Compatibility Versions in k8s and features graduation

283 views
Skip to first unread message

Sergey Kanzhelev

unread,
Oct 15, 2024, 3:34:46 PM10/15/24
to jpb...@google.com, han...@google.com, lig...@google.com, jy...@google.com, apri...@google.com, siz...@google.com, kubernetes-si...@googlegroups.com, kubernete...@googlegroups.com

Hi,


As part of the KEP-4330: Compatibility Versions in Kubernetes k8s is now changing the way we graduate KEPs. Can you please share updated instructions on what is the expected way to graduate KEPs?


In SIG Node we like to graduate KEPs early in the code development process to make sure to give enough reviewers cycles to new KEPs development. If there is no instruction yet, when is it planned to be created?


Specific questions raised during the discussion of this in SIG Node:


  1. What is the plan to support e2e_node tests running in version emulation mode? Not all SIG Node features can be tested with the e2e/node tests.

  2. Can you give an example on how to convert tests that were previously testing the feature gate disablement behavior? Our understanding is that since the feature gate is locked, those tests need to somehow be converted into emulation mode tests. So best practices and some test framework helper methods would be greatly appreciated.

  3. If you have a good example of KEP being GA-d under the new process, please share. If not, we can collaborate on one of the SIG Node KEPs. For example these two:

    1. https://github.com/kubernetes/kubernetes/pull/126981#discussion_r1799779745

    2. https://github.com/kubernetes/kubernetes/pull/128046#discussion_r1799759192

  4. Are there any changes needed from the SIG Node side to enforce the proper version skew better? We envision way more confusion with this. As a minimum it must be very well explained in docs so we can link anybody to that explanation. 

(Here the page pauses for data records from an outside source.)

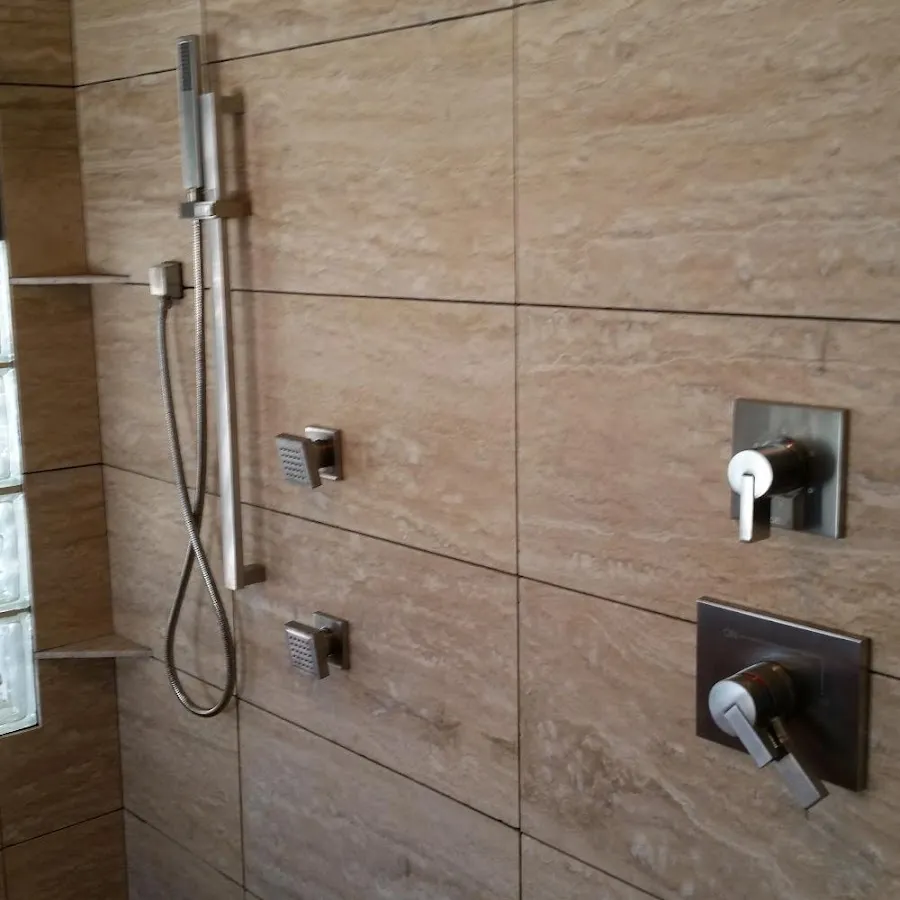 Shower fixture installation for Water Heater Installation in Ammon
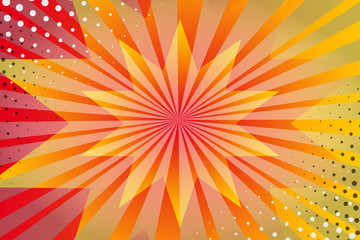 abstract, orange, yellow, wallpaper, design, illustration, light, wave, graphic, color, waves, gradient, bright, sun, texture, backdrop, pattern, art, red, curve, lines, line, artistic, shape, color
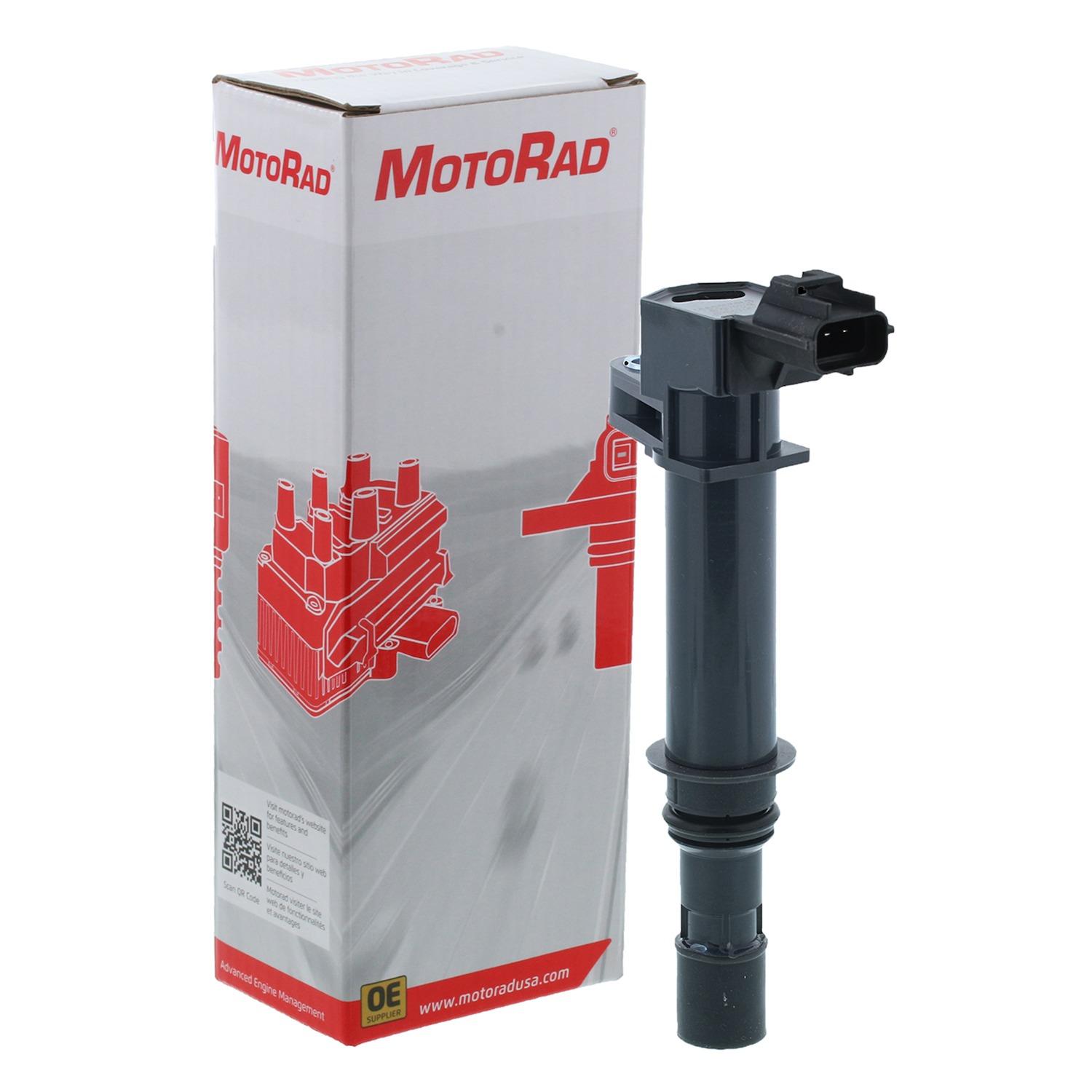 MotoRad 1IC116KT - Ignition Coil MotoRad 1IC116KT Direct Ignition Coil product image 6 of 9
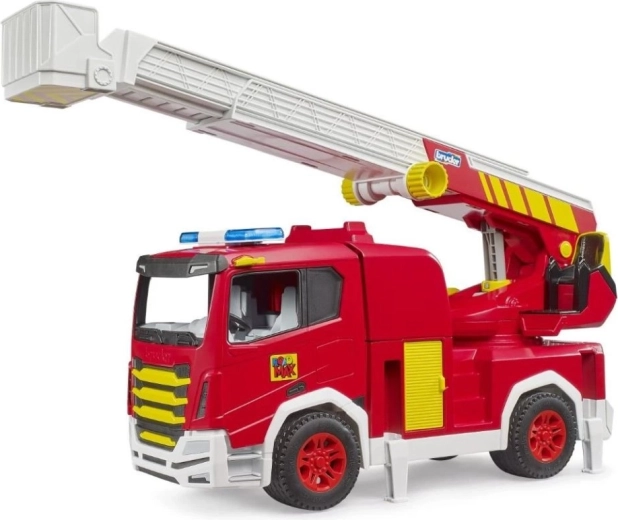 Camion de pompiers Bruder Roadmax avec échelle télescopique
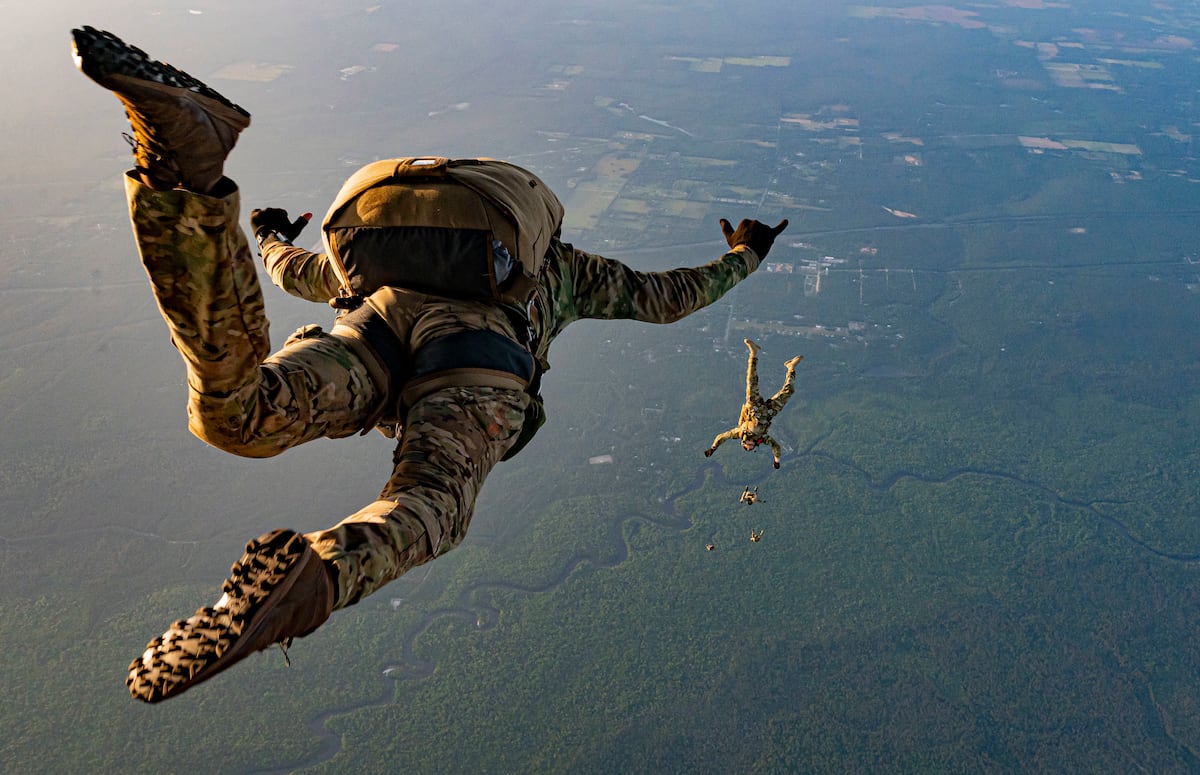 Air Force revamps special operations wing relocating to Arizona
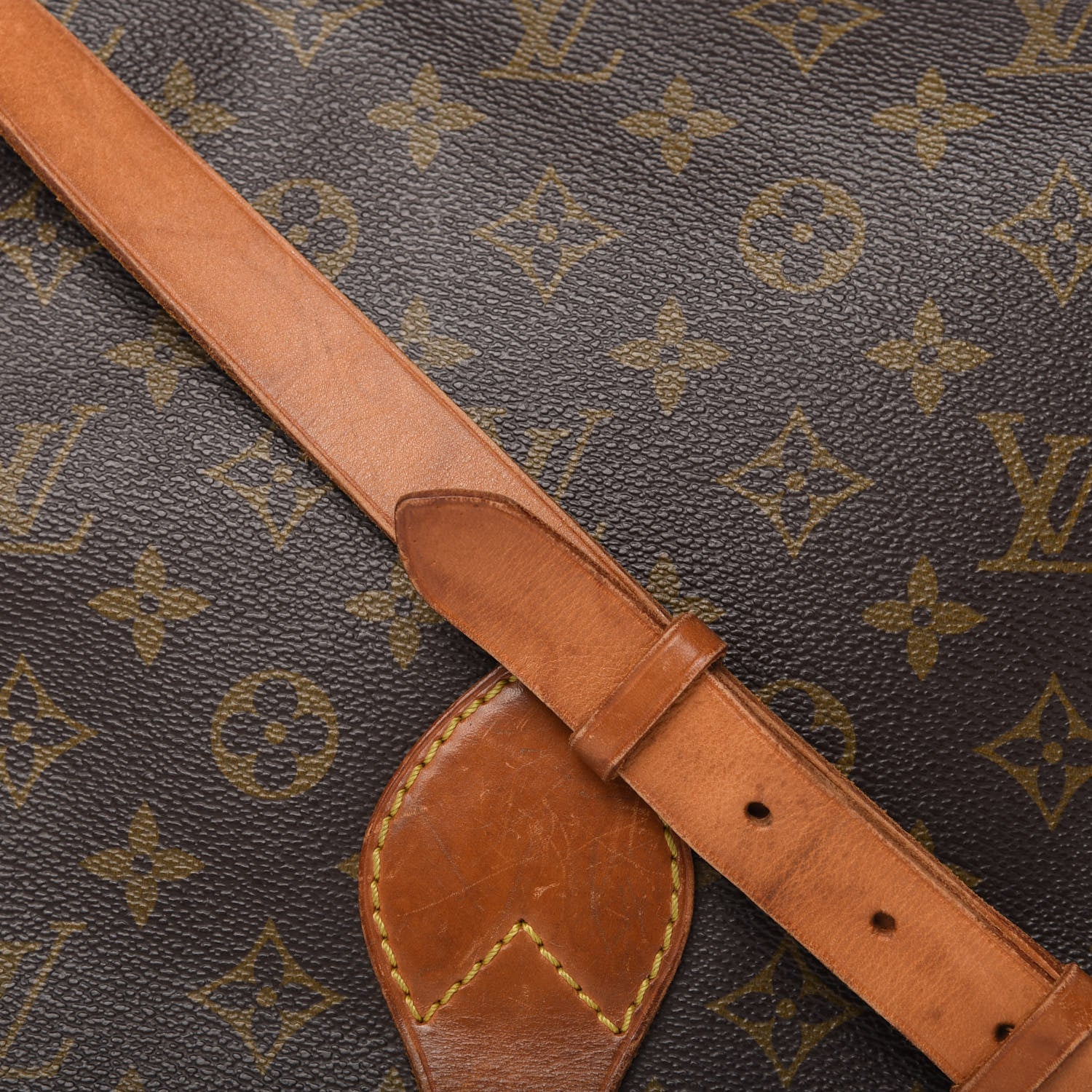 Louis Vuitton Monogram Cartouchiere 26 9 of 12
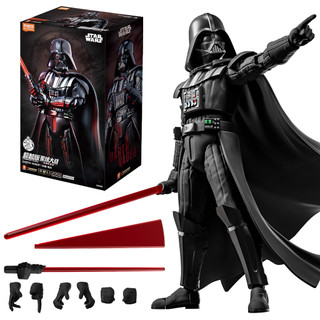 Boneco Darth Vader Star Wars Articulado Colecionável 15 Cm Champion Class - Blokees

One question we discussed during the SIG Node meeting today is whether to keep the “dead code” around in kubelet. Since kubelet has no plans to support emulated versions, we can potentially delete the code from it on feature GA. However to simplify reviews we will likely just keep the code in place. This creates liability of “dead untested code” being present as well as a risk 3 versions down the road to break the feature that was GA-ed. But the risk is similar to what we have with other components. Once you have general instruction up, we will update it specifically for the kubelet development.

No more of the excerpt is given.